CALL CloseDBF(1, Header.TRecs)
END


GetTheRecord:
  CALL GetRecord(1, RecNum&, Record$, Header)

DisplayRec:
  CLS
  PRINT "Record "; RecNum&; " of "; Header.TRecs;
  IF Deleted%(Record$) THEN PRINT " (Deleted)";

  PRINT
  PRINT
  FOR Fld = 1 TO Header.TFields
    FldText$ = GetField$(Record$, Fld, FldStruc())
    PRINT FldStruc(Fld).FName, FldText$
  NEXT
  PRINT

RETURN
DBPACK.BAS

DBPACK.BAS is the final dBASE utility, and it shows how to write an optimized packing program. Since there is no reasonable way to actually erase a record from the middle of a file, dBASE (and indeed, most database programs) reserve a byte in each record solely to show if it has been deleted. The DBPACK.BAS utility program is intended to be run periodically, to actually remove the deleted records.

Most programs perform this maintenance by creating a new file, copying only the valid records to that file, and then deleting the original data file. In fact, this is what dBASE does. The approach taken by DBPACK is much more intelligent in that it works through the file copying good records on top of deleted ones. When all that remains at the end of the file is data that has been deleted or abandoned copies of records, the file is truncated to a new, shorter length. The primary advantage of this approach is that it saves disk space. This is superior to the copy method that of course requires you to have enough free space for both the original data and the copy. Because the actual data file is manipulated instead of a copy, be sure to have a recent backup in case a power failure occurs during the packing process.

DBPACK.BAS is fairly quick, but it could be improved if records were processed in groups, rather than one at a time. This would allow more of the swapping to take place in memory, rather than on the disk. However, DBPACK was kept simple on purpose, to make its operation clearer.

There is no BASIC or DOS command that specifically truncates a file, so this program uses a little-known trick. If a program calls DOS telling it to write zero bytes to a file, DOS truncates the file at the current seek location. Since BASIC does not allow you to write zero bytes, CALL Interrupt must be used to perform the DOS call.
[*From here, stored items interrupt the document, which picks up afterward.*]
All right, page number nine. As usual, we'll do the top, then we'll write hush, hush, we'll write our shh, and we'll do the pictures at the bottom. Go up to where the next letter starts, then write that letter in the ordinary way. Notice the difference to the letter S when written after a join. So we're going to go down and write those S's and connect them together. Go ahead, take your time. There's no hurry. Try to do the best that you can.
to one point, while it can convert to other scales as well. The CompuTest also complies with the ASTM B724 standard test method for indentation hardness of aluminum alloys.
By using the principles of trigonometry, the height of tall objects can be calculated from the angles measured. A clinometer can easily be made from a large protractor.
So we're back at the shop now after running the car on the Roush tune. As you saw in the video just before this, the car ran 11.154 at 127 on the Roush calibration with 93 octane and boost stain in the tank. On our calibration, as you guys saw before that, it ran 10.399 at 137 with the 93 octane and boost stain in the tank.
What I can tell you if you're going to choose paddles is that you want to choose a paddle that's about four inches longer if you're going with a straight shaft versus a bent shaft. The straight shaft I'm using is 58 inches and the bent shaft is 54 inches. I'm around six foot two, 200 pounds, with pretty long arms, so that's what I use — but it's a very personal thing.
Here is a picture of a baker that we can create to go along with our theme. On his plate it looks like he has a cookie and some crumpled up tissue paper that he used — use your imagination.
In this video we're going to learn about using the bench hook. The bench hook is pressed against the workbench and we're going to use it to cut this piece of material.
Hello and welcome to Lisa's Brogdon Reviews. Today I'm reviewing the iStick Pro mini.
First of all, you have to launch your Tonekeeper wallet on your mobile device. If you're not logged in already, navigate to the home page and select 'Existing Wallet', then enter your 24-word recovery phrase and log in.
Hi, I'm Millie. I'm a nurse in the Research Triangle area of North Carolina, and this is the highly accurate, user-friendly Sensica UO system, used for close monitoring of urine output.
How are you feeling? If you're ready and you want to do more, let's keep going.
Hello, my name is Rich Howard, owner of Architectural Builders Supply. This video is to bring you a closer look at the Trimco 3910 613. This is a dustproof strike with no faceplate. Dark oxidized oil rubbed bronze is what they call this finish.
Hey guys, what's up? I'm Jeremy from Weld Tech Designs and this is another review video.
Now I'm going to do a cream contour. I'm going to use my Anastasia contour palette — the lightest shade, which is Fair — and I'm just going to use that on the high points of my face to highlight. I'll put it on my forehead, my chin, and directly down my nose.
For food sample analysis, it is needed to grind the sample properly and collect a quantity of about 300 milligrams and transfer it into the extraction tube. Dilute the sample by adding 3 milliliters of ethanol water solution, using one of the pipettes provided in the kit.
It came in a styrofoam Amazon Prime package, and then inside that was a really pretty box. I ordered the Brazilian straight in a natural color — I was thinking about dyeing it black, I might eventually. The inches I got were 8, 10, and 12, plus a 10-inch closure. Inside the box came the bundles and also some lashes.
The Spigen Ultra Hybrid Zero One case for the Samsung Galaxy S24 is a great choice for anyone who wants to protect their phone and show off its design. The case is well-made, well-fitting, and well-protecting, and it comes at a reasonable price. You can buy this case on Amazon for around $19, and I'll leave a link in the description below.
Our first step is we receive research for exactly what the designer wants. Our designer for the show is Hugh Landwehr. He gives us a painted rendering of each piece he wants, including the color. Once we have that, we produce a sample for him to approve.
Note that you can also use this technique to extend a file beyond its current length. This will be described in more detail in Chapter 11, which describes using CALL Interrupt to access DOS and BIOS services.

'********* DBPACK.BAS, removes deleted records from a file

'NOTE: Please make a copy of your DBF file before running this program.
'      Unlike dBASE that works with a copy of the data file, this program
'      packs, swaps records, and then truncates the original data file.

DEFINT A-Z
'$INCLUDE: 'dbf.bi'
'$INCLUDE: 'dbaccess.bi'
'$INCLUDE: 'regtype.bi'

DIM Registers AS RegType
DIM Header AS DBFHeadStruc
REDIM FldStruc(1 TO 1) AS FieldStruc

LINE INPUT "Enter the dBASE file name: ", DBFName$
IF INSTR(DBFName$, ".") = 0 THEN
  DBFName$ = DBFName$ + ".DBF"
END IF

CALL OpenDBF(1, DBFName$, Header, FldStruc())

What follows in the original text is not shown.